- [WHAT NEEDS TO BE DONE]
From the first line to the last, repeat the data exactly and drop the pictures.

- [COLLECTED DATA]
════════════════════
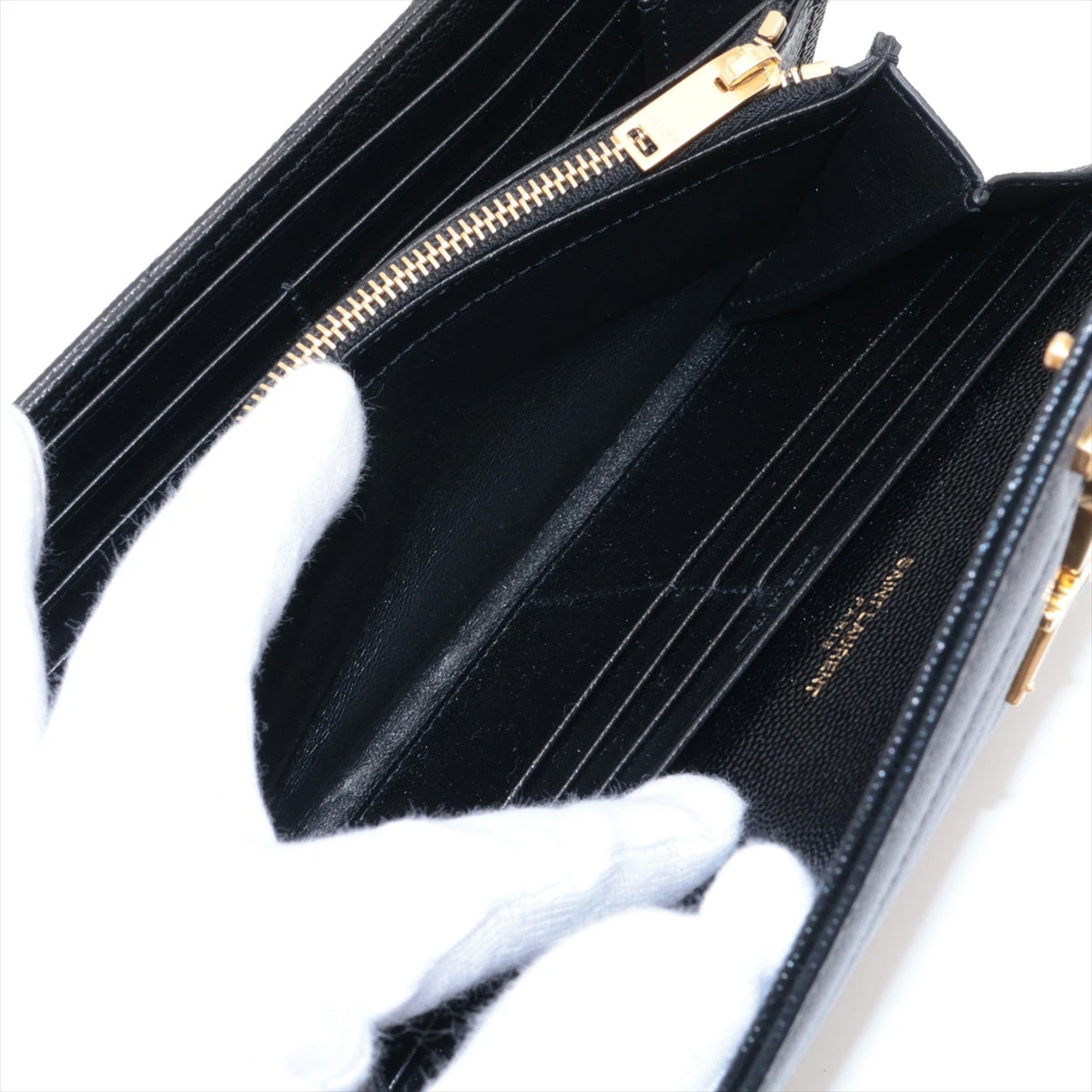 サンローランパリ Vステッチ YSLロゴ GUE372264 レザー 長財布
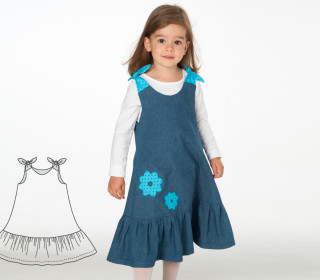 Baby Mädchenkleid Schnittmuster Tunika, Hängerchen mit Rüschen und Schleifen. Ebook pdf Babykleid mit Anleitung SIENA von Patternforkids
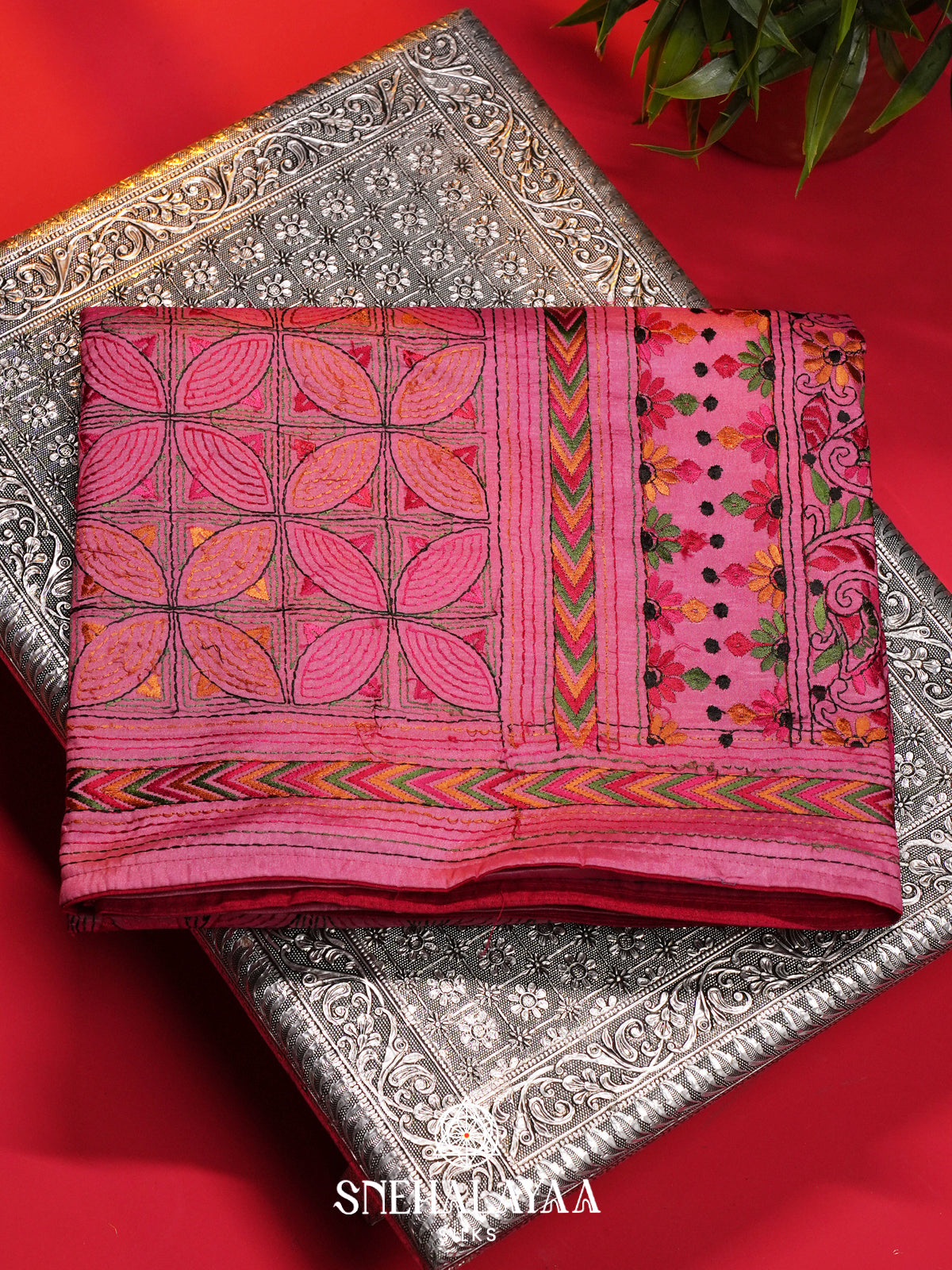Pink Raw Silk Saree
════════════════════
- [EXPECTED ANSWER]
 サンローランパリ Vステッチ YSLロゴ GUE372264 レザー 長財布
 Baby Mädchenkleid Schnittmuster Tunika, Hängerchen mit Rüschen und Schleifen. Ebook pdf Babykleid mit Anleitung SIENA von Patternforkids
Pink Raw Silk Saree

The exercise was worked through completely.